→ **Task prompt**:
Below are some records. Return exactly their lines from the one containing "Julie Adams" through the one containing "Unisex Nike - Lenkkarit, koko 41 - Musta ()", and drop the pictures.

+-------+

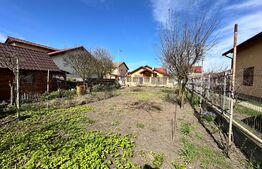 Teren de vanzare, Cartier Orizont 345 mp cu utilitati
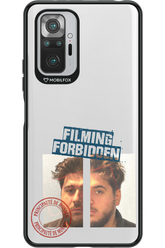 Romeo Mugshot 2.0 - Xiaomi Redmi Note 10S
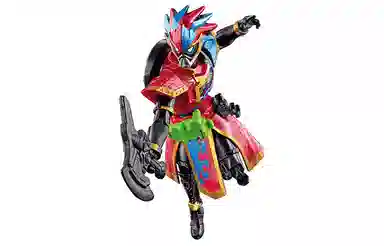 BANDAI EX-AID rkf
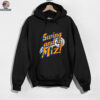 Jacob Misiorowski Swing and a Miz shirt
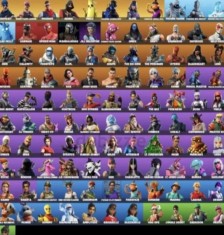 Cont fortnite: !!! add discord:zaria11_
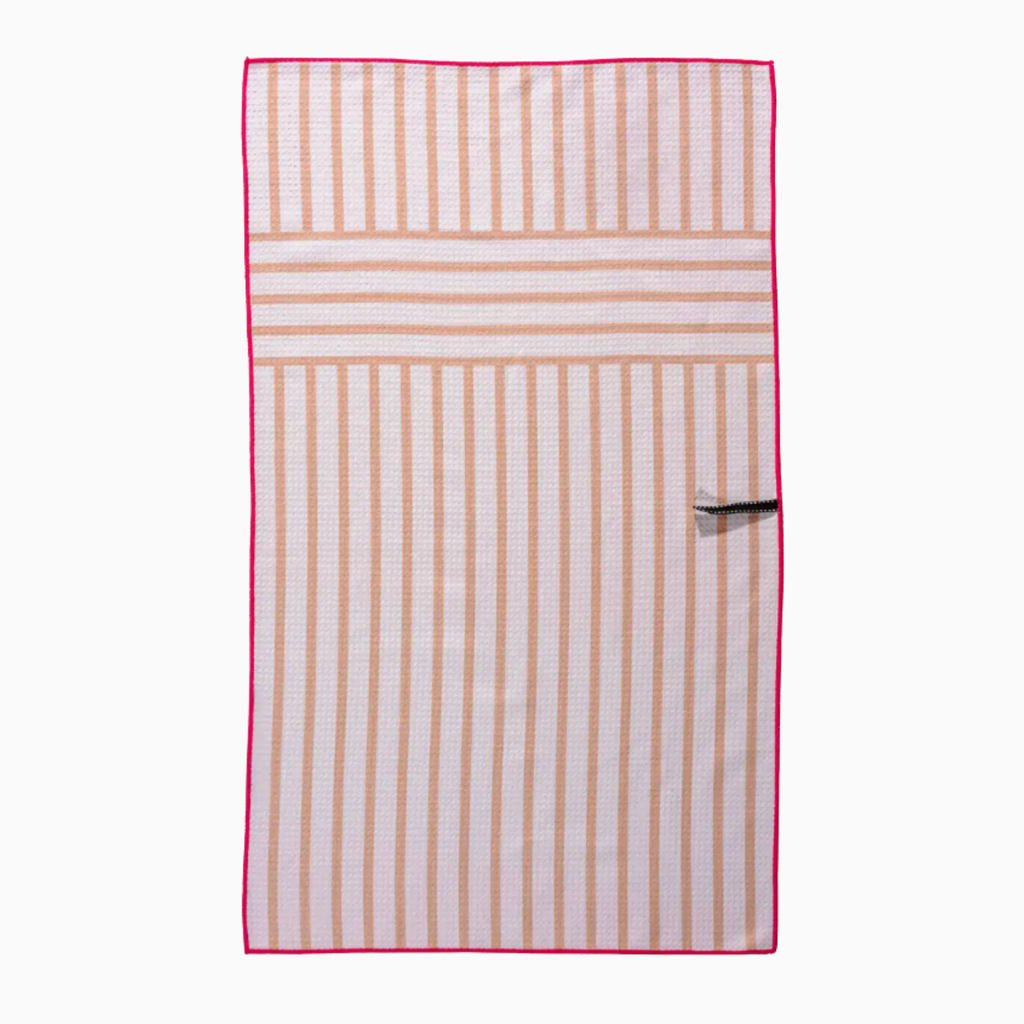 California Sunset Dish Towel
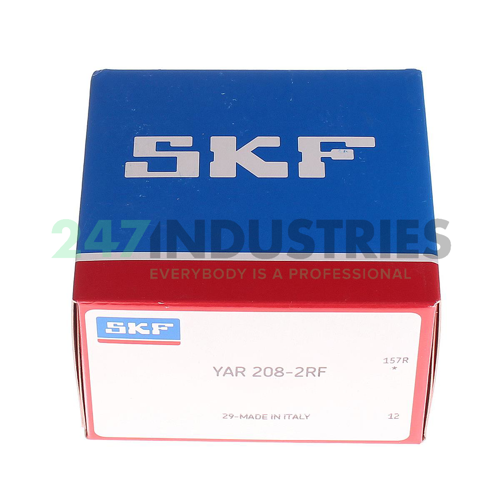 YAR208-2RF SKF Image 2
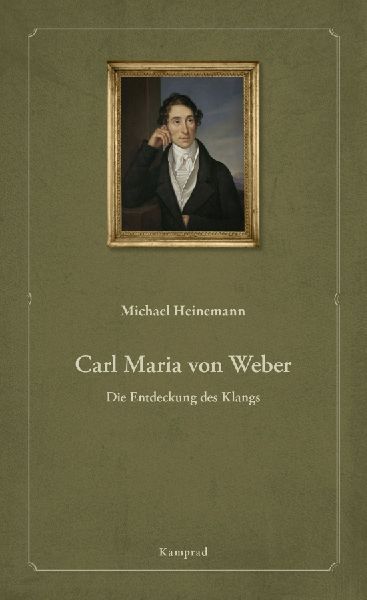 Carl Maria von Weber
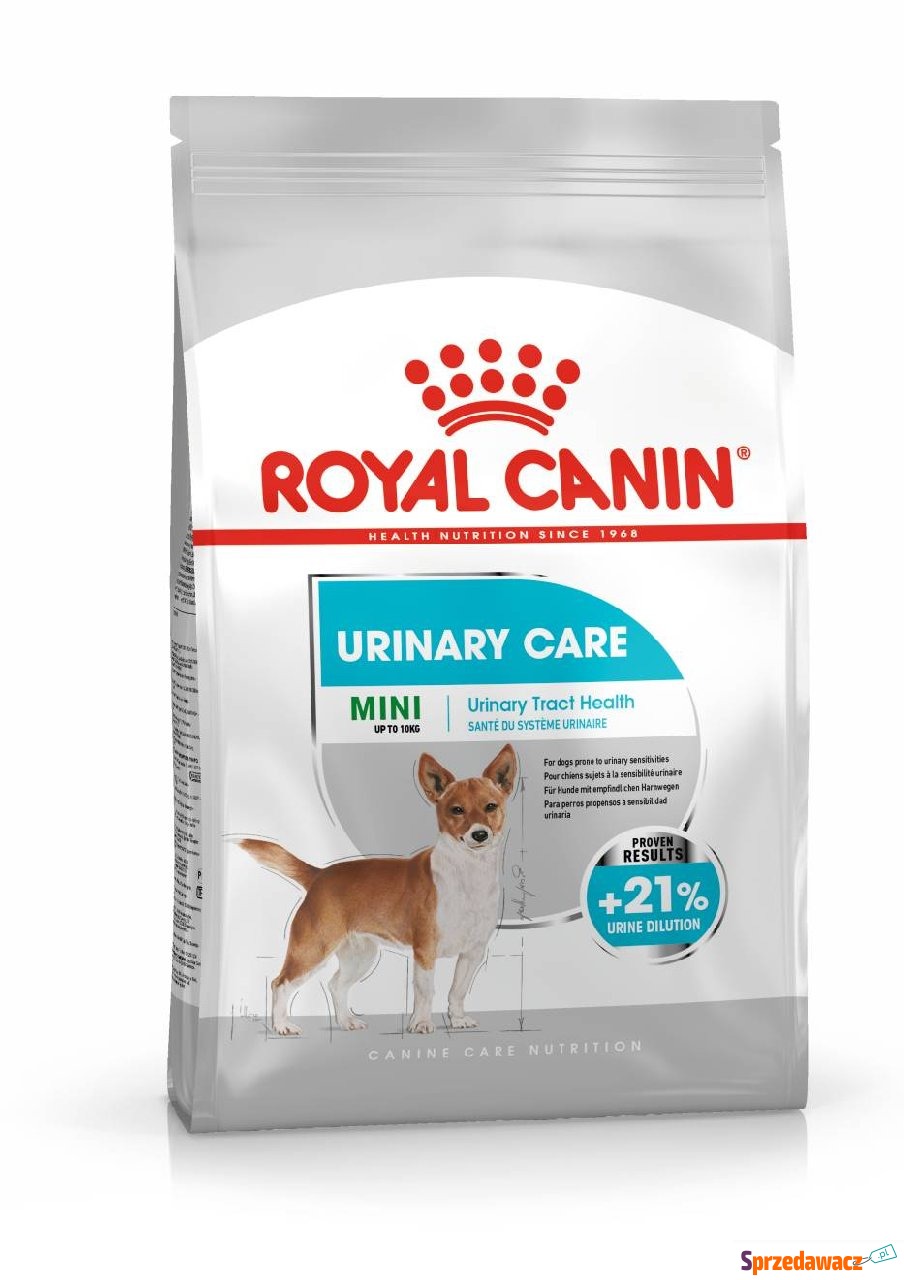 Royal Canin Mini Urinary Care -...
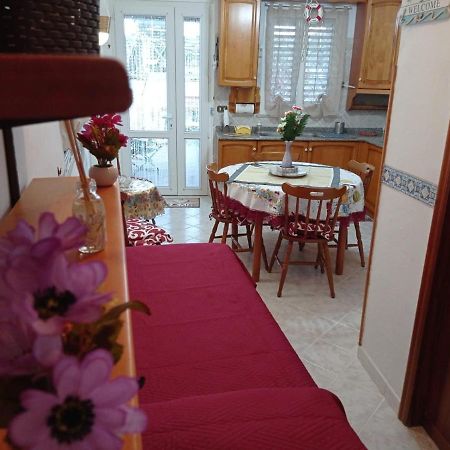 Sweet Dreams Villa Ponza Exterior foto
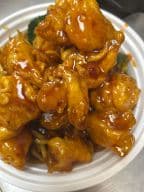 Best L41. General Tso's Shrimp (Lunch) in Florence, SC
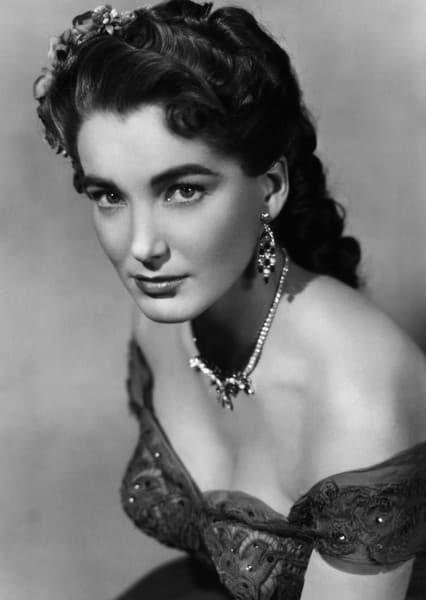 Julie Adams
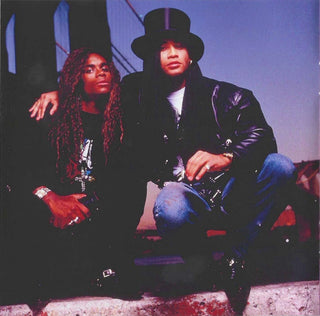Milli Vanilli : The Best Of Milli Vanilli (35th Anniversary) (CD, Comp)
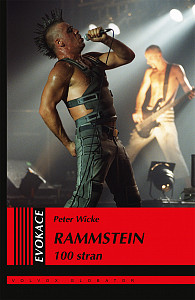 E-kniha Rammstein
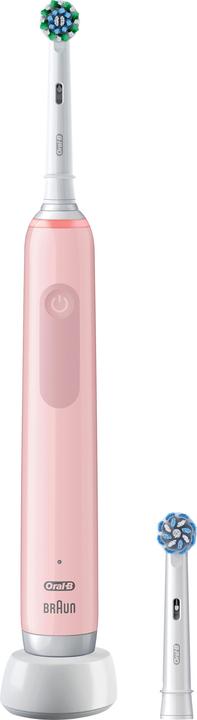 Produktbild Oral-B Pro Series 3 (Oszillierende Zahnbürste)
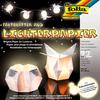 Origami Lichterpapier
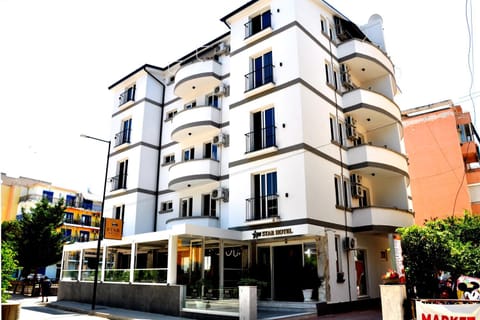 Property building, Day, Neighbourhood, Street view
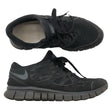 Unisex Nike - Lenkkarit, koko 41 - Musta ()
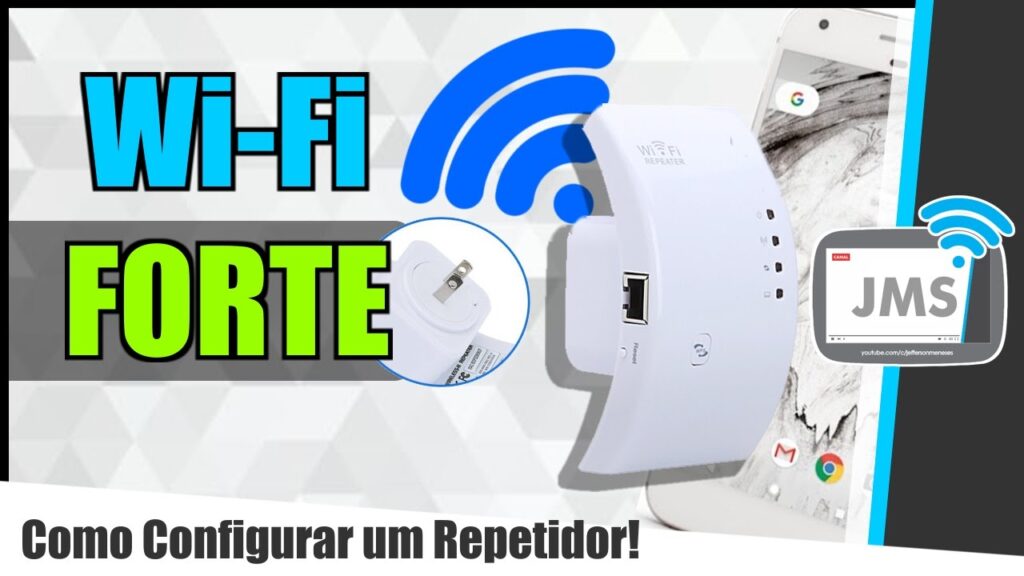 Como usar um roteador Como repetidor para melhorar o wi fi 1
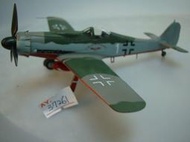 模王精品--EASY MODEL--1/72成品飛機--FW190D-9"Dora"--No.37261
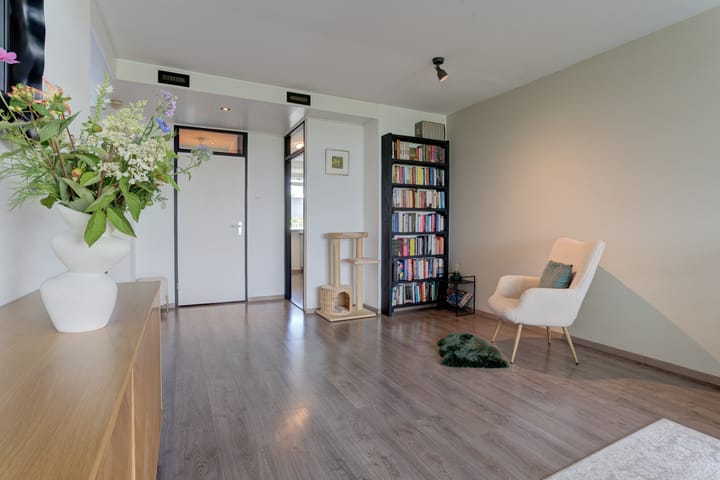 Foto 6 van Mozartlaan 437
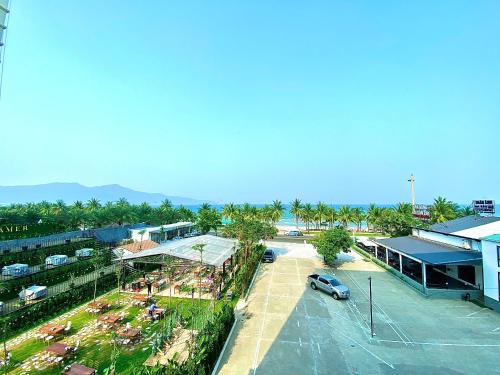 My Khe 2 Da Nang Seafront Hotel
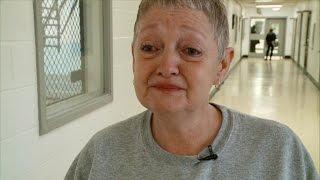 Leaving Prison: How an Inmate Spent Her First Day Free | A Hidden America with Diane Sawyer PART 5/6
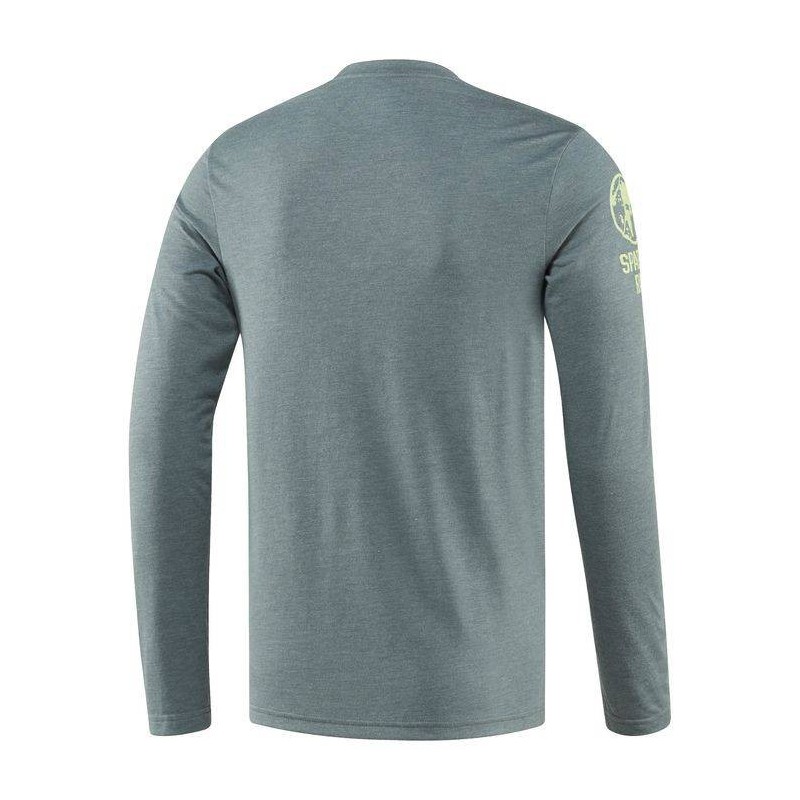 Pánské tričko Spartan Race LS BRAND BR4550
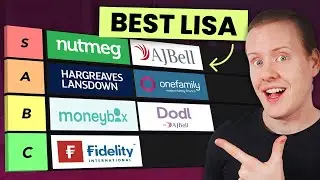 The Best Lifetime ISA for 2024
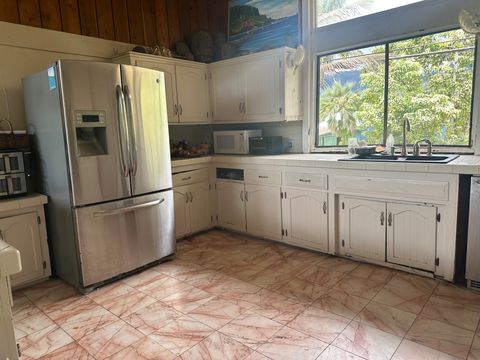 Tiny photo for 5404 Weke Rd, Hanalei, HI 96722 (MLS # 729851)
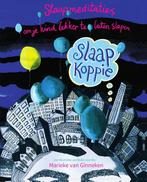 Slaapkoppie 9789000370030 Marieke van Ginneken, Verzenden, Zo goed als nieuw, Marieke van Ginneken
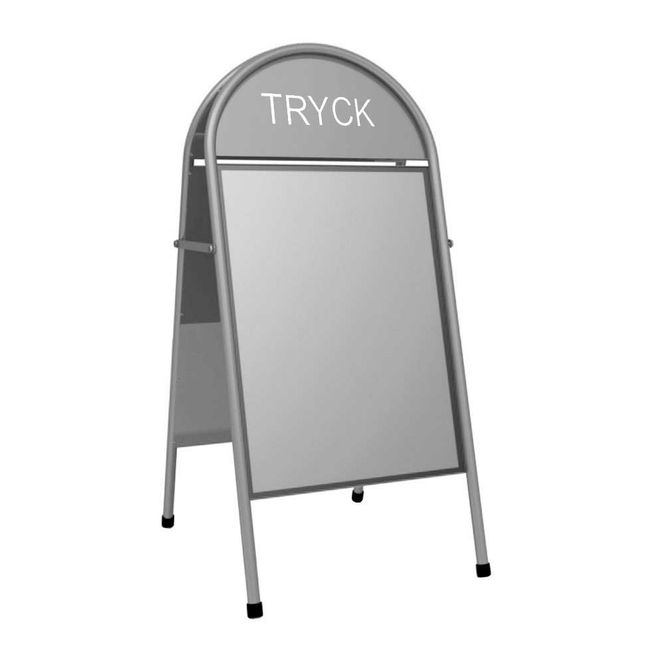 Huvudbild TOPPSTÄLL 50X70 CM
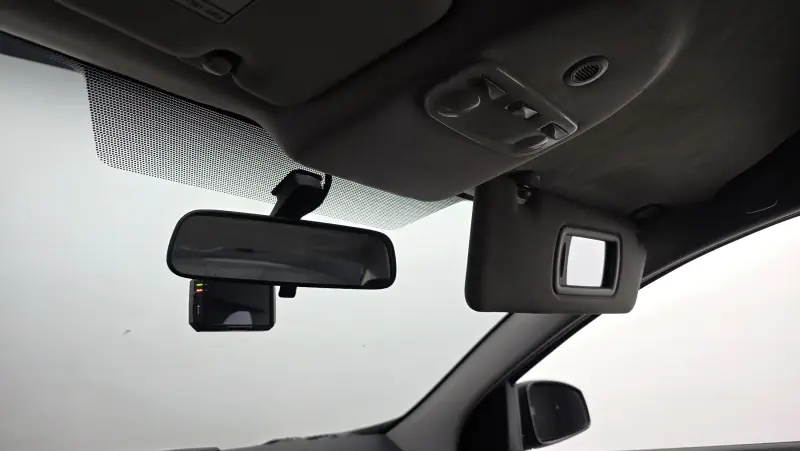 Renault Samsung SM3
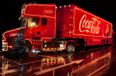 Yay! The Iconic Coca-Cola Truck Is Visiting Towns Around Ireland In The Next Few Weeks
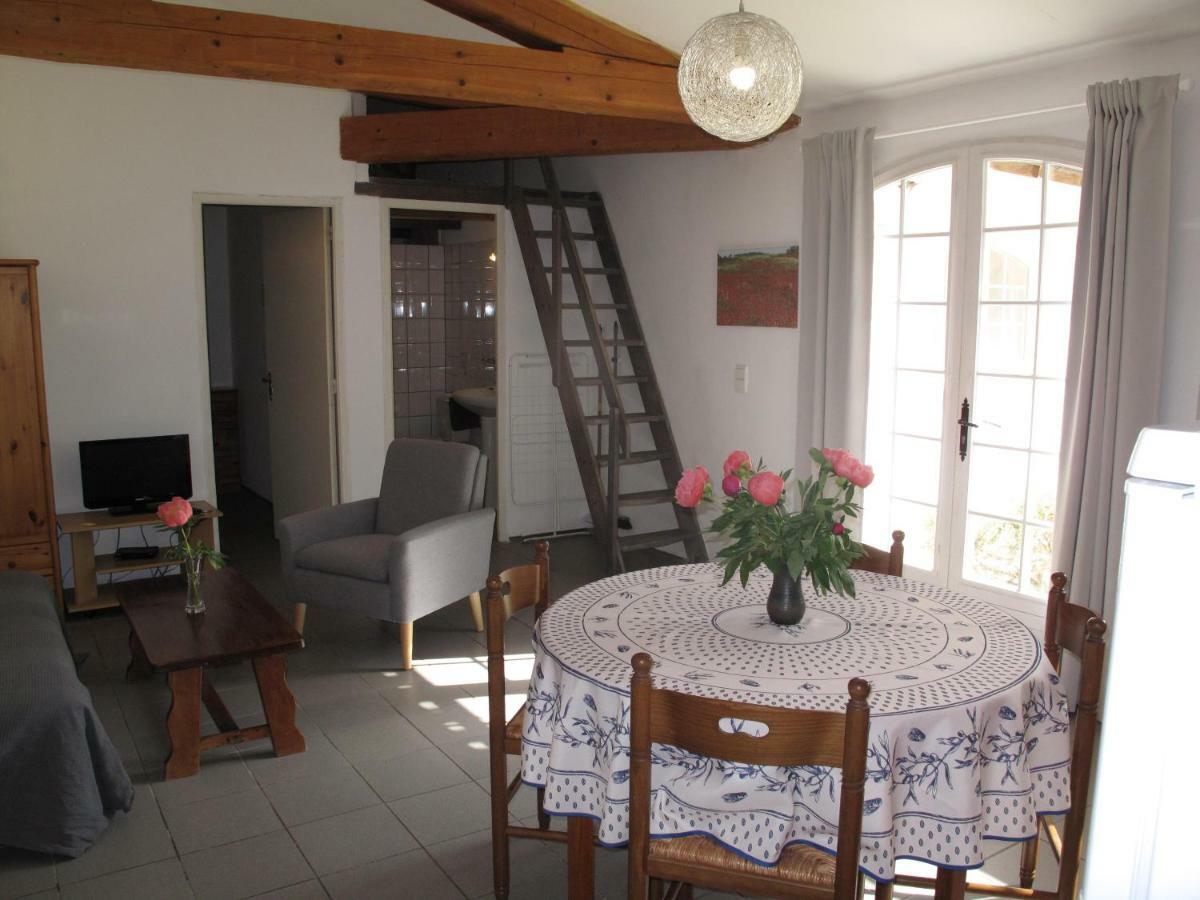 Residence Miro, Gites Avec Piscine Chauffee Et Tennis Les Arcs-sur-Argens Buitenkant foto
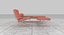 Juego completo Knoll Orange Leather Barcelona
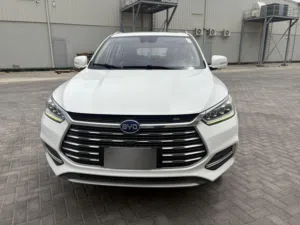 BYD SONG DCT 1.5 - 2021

+-------+

→ **Answer to this exercise**:
 Julie Adams
Milli Vanilli : The Best Of Milli Vanilli (35th Anniversary) (CD, Comp)
 E-kniha Rammstein
 Produktbild Oral-B Pro Series 3 (Oszillierende Zahnbürste)
 Origami Lichterpapier
 Property building, Day, Neighbourhood, Street view
 Unisex Nike - Lenkkarit, koko 41 - Musta ()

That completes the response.